| WORK INSTRUCTIONS |
Beginning with the line that has "Exterior - 399", write out each line down to the end of the records below exactly, and include no pictures.

Pictures with short captions:
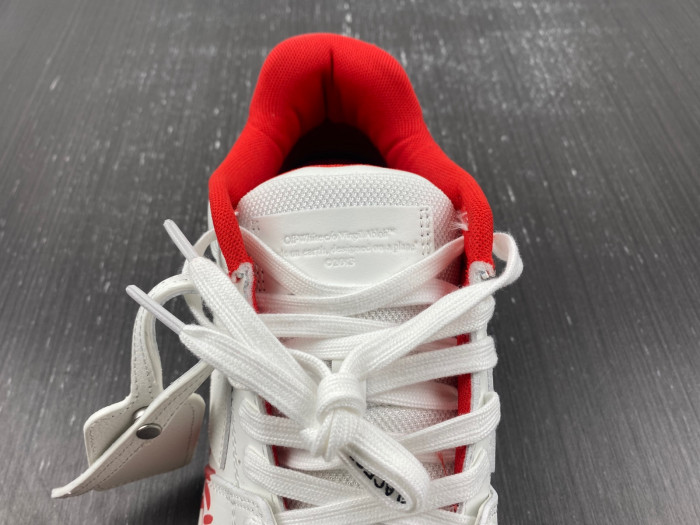 OFF-WHITE SNEAKER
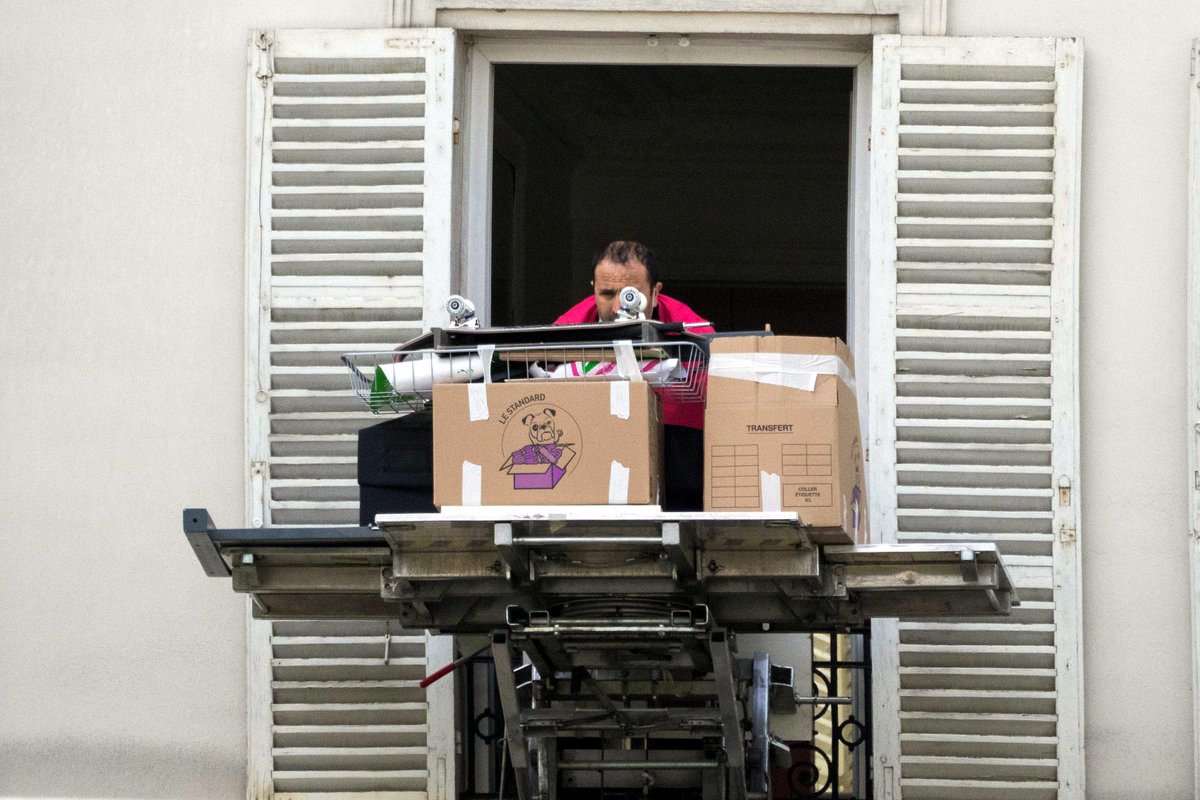 icipaysdesavoie's tweet photo. C'est plus clair ! Oui, on peut déménager pendant le confinement, mais sans appel aux amis ►https://t.co/4Rq4xMSnG0 https://t.co/fhtPLds1Ei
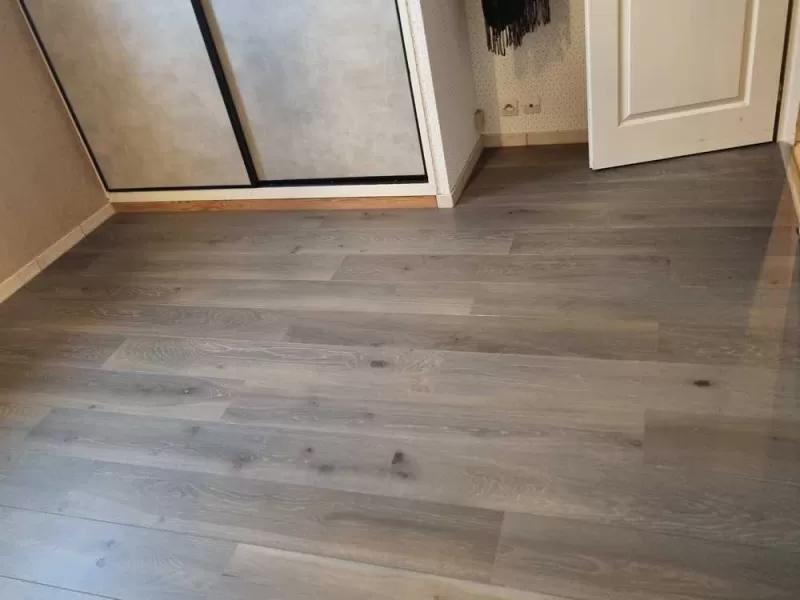 Pose parquet flottant, L'Isle-en-Dodon, Menuiserie Agencement Delon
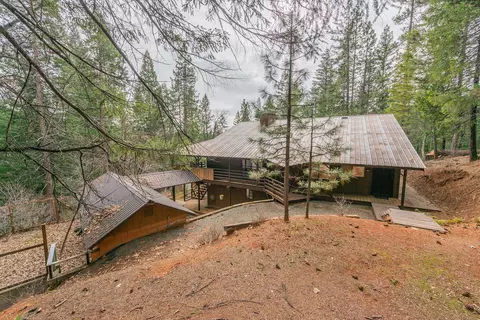 Exterior - 399 410 Lake Forest Dr, Trinity Center, CA 96091 photo 18 of 35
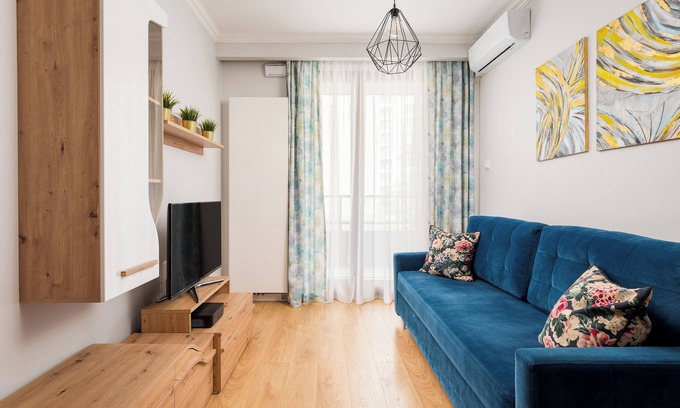 Muranow Apartamento | Solidarności Skyline Apartment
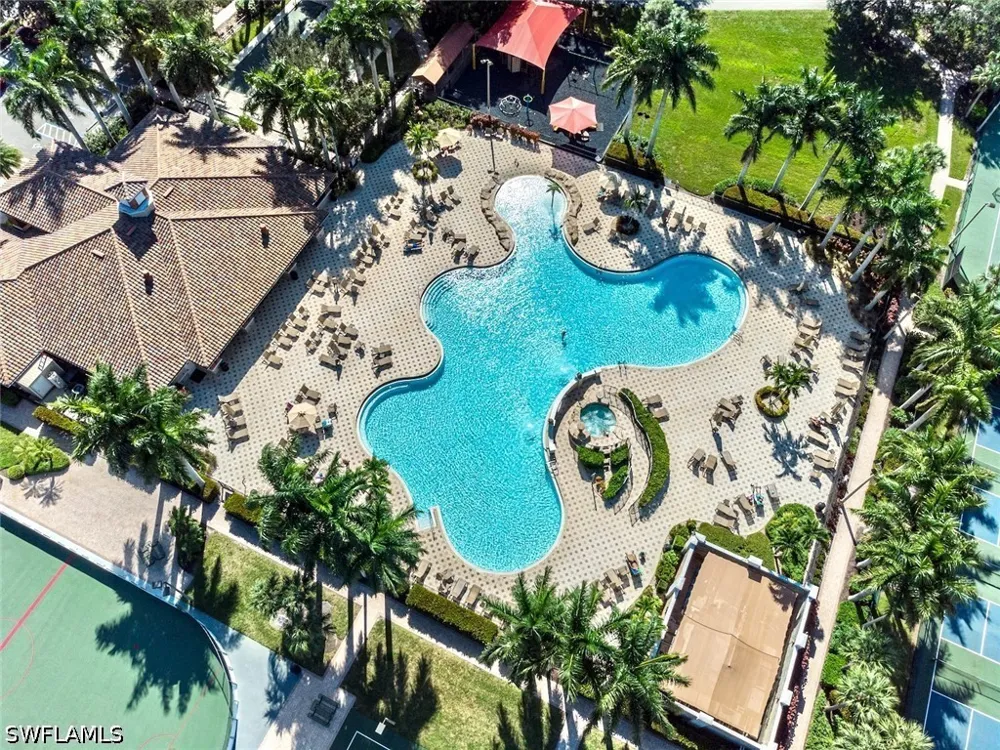 Larino Loop Estero, FL 33928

| RESULT |
 Exterior - 399 410 Lake Forest Dr, Trinity Center, CA 96091 photo 18 of 35
 Muranow Apartamento | Solidarności Skyline Apartment
 Larino Loop Estero, FL 33928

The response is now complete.